Yo me convertí en un tipo que vivía en Sunnyside, Queens. Y ahora,
en 1947, el día de San Valentín, nos pusimos en contacto
profesionalmente porque Walter Adrian pensaba que le estaban
siguiendo.
Hacía años que Adrian y yo habíamos hablado
por última vez. No hubo ruptura, nada tan dramático, sólo la
inevitable separación de los amigos que llevan un tipo de vida
completamente distinto. Yo dejé la escuela en 1927 y Walter obtuvo
su diploma en el 28. El trabajó en el Daily
News durante cuatro años, época en la cual almorzábamos con
frecuencia en el Old Seidelburg, en la Tercera Avenida, un lugar
frecuentado por los chicos de la prensa. En 1932, vendió una
historia a la Paramount Pictures y tomó un tren hacia el Oeste para
ver cómo era Hollywood. Lo vio y no regresó. Nos escribíamos
irregularmente, y luego dejamos de hacerlo. En 1940, me topé con
Adrian en la Quinta Avenida. Llevaba un abrigo de pelo de camello y
una gorra de tweed, iba bien afeitado y con un buen corte de pelo,
y parecía satisfecho; tenía todo el aspecto de un joven escritor de
éxito. La mujer que iba con él tampoco estaba mal, pero no creo que
estuviera en la línea literaria. Adrian me abrazó y me golpeó la
espalda; me pidió el número de teléfono y dijo que teníamos que
vernos, beber unas cervezas y hablar de los viejos tiempos.
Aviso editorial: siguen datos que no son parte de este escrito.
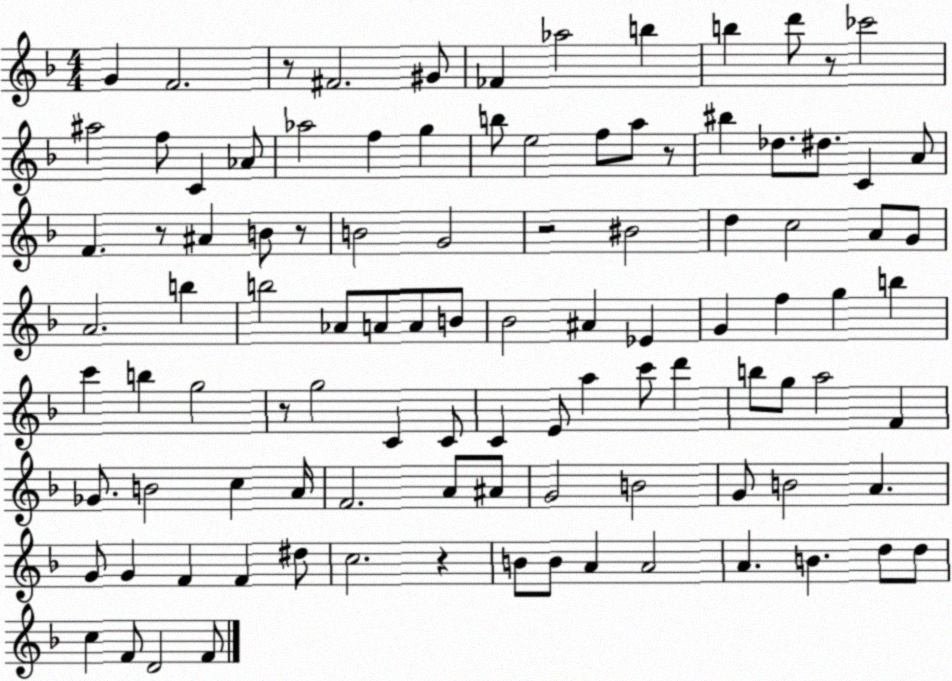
X:1
T:Untitled
M:4/4
L:1/4
K:F
G F2 z/2 ^F2 ^G/2 _F _a2 b b d'/2 z/2 _c'2 ^a2 f/2 C _A/2 _a2 f g b/2 e2 f/2 a/2 z/2 ^b _d/2 ^d/2 C A/2 F z/2 ^A B/2 z/2 B2 G2 z2 ^B2 d c2 A/2 G/2 A2 b b2 _A/2 A/2 A/2 B/2 _B2 ^A _E G f g b c' b g2 z/2 g2 C C/2 C E/2 a c'/2 d' b/2 g/2 a2 F _G/2 B2 c A/4 F2 A/2 ^A/2 G2 B2 G/2 B2 A G/2 G F F ^d/2 c2 z B/2 B/2 A A2 A B d/2 d/2 c F/2 D2 F/2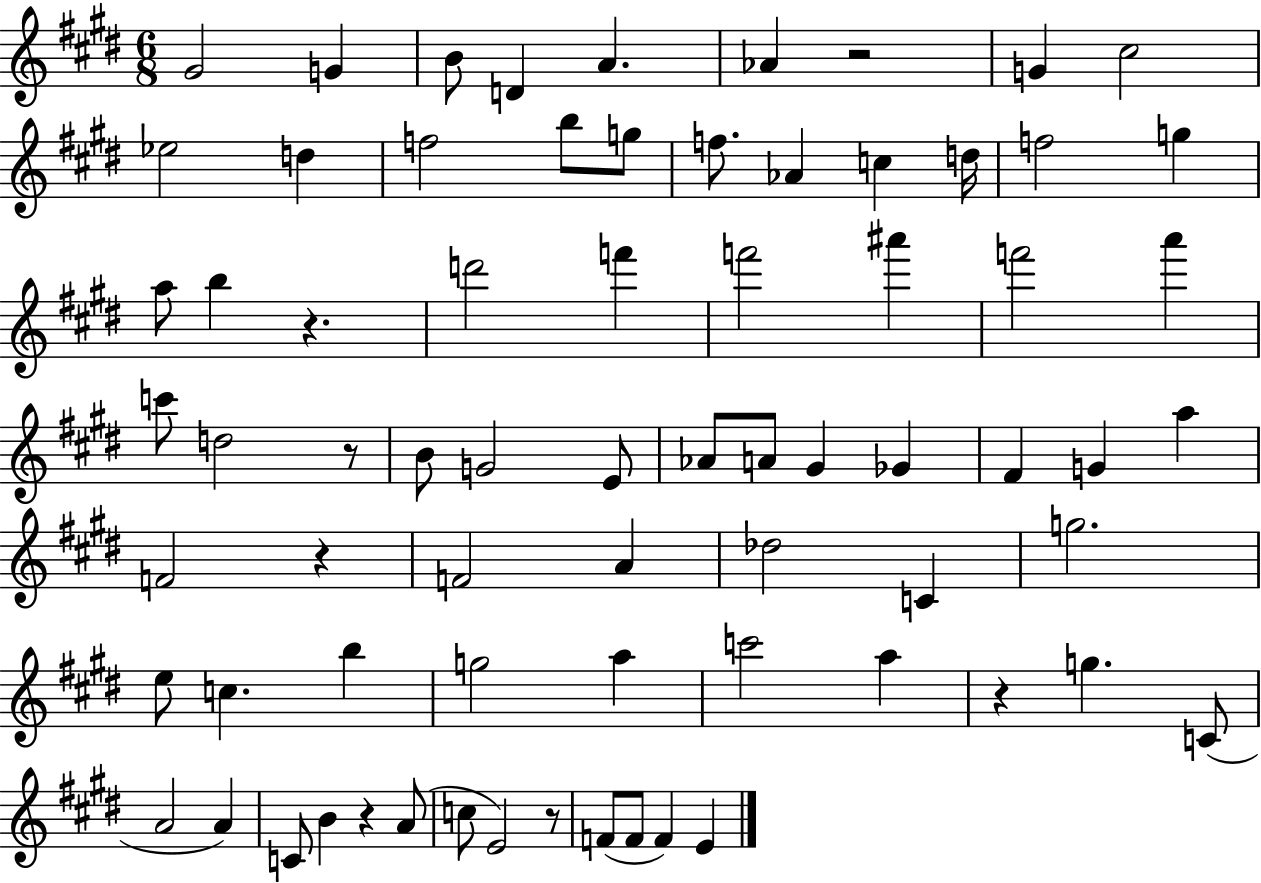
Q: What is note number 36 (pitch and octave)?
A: Gb4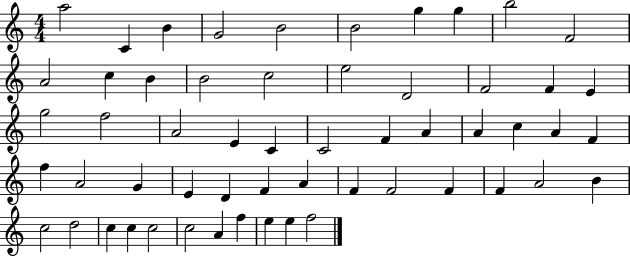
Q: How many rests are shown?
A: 0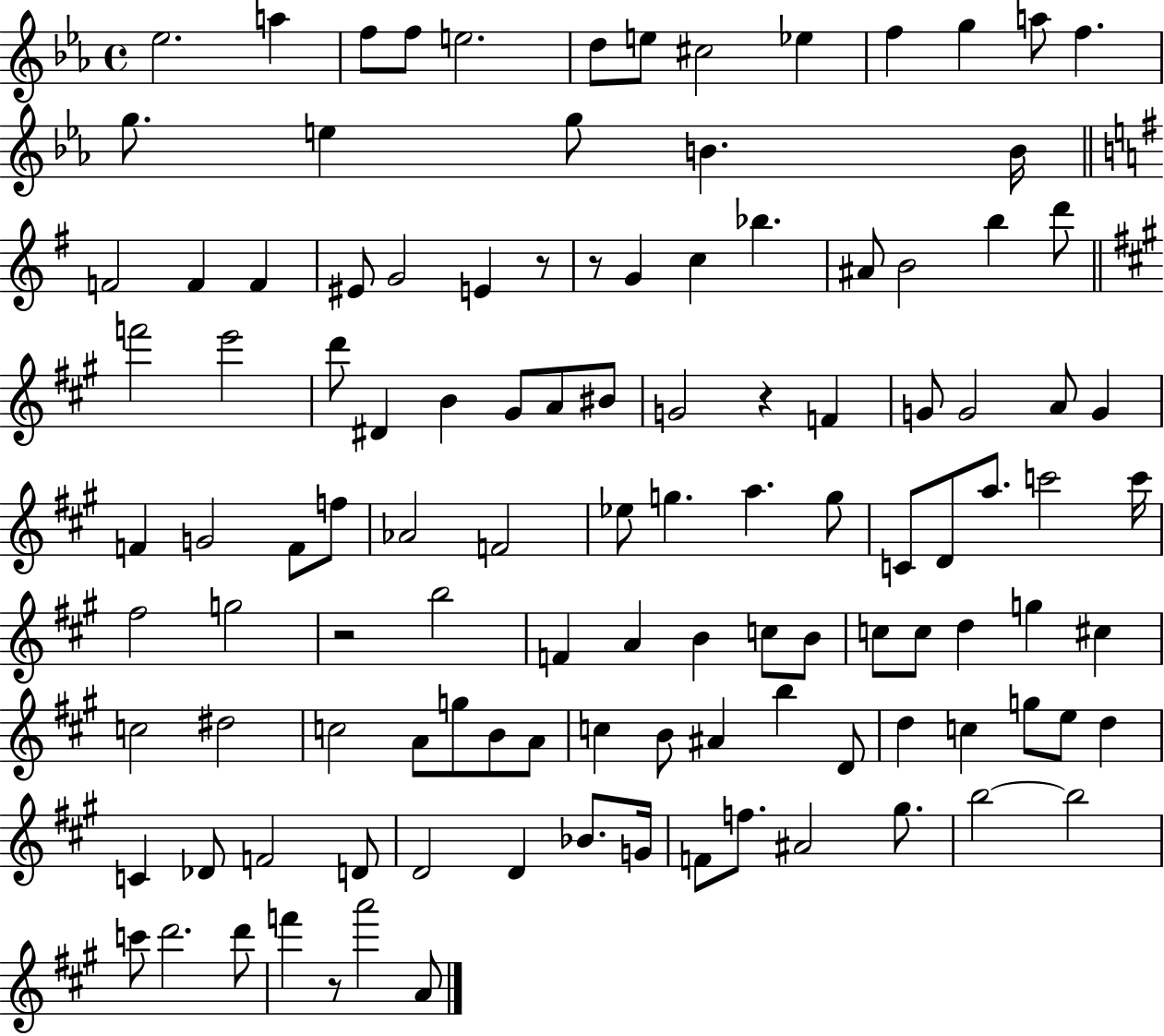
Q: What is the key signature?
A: EES major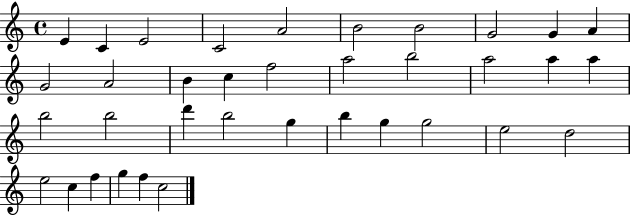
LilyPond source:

{
  \clef treble
  \time 4/4
  \defaultTimeSignature
  \key c \major
  e'4 c'4 e'2 | c'2 a'2 | b'2 b'2 | g'2 g'4 a'4 | \break g'2 a'2 | b'4 c''4 f''2 | a''2 b''2 | a''2 a''4 a''4 | \break b''2 b''2 | d'''4 b''2 g''4 | b''4 g''4 g''2 | e''2 d''2 | \break e''2 c''4 f''4 | g''4 f''4 c''2 | \bar "|."
}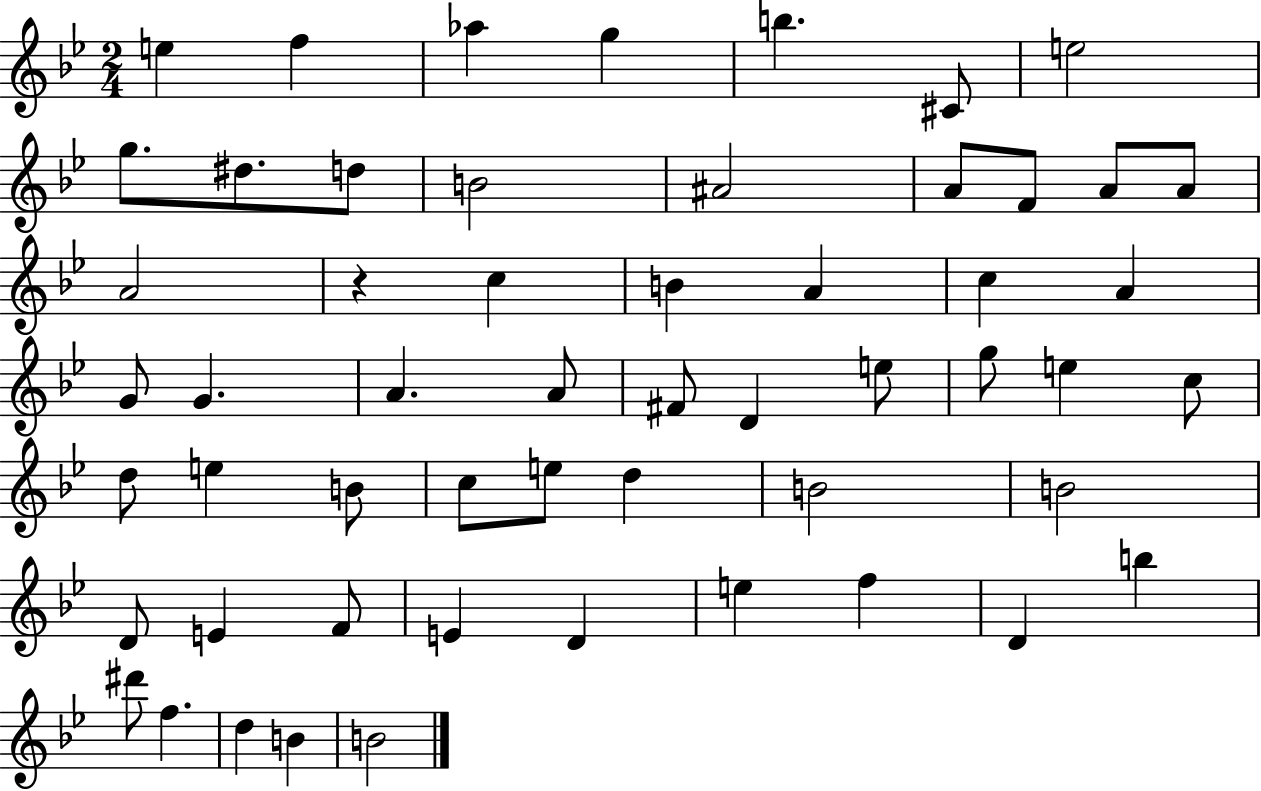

Nos reunimos siete años más tarde. Era hacia
el final de la tarde del día de San Valentín, y yo estaba sentado
en mi oficina de Broadway escribiendo a máquina un pesado informe
sobre el seguimiento de un importador argentino llamado Carlos
Teitelbaum. Oí que se abría y se cerraba la puerta de la oficina
exterior y levanté la vista. Vi a Adrian que estaba de pie,
inseguro, en recepción, sosteniendo en sus manos un sombrero de
fieltro gris.
—¿Jack? —preguntó con cautela. Luego sonrió
con satisfacción—. Hola, Calvete.
—¡Vaya! Walter de Hollywood —grité—. Entra,
coge número.
Adrian entró tímidamente en la oficina
interior y yo me levanté para saludarle. Esta vez no me golpeó en
la espalda, sólo me estrechó la mano y se hundió cansadamente en la
silla demasiado blanda que está frente a mi mesa. Tenía un aspecto
horrible. Su rostro delgado y anguloso estaba contraído y de color
gris, los ojos azules eran vidriosos, y la boca, un poco demasiado
grande, parecía indolente y malhumorada. Walter llevaba el pelo
largo; se le rizaba alrededor de las orejas y le llegaba hasta el
cuello de la camisa. Me pilló mirándolo y se lo alisó con las
manos.
—No lo digas. Tengo un aspecto
asqueroso.
—Tienes un aspecto asqueroso. ¿Cómo es que
has venido?
Se encogió de hombros.
—Cosas que pasan. No has cambiado nada,
Jack. Sinceramente, tienes un aspecto estupendo. ¿Cuándo nos vimos
por última vez? ¿Antes de la guerra?
—En 1940. En la Quinta Avenida, frente a
Saks. Era por Navidad y tú llevabas un montón de paquetes,
incluyendo a una rubia. Muy bonita, lo recuerdo.
Adrián no se acordaba.
—¿En 1940? —Entonces se acordó—. Ah, ella.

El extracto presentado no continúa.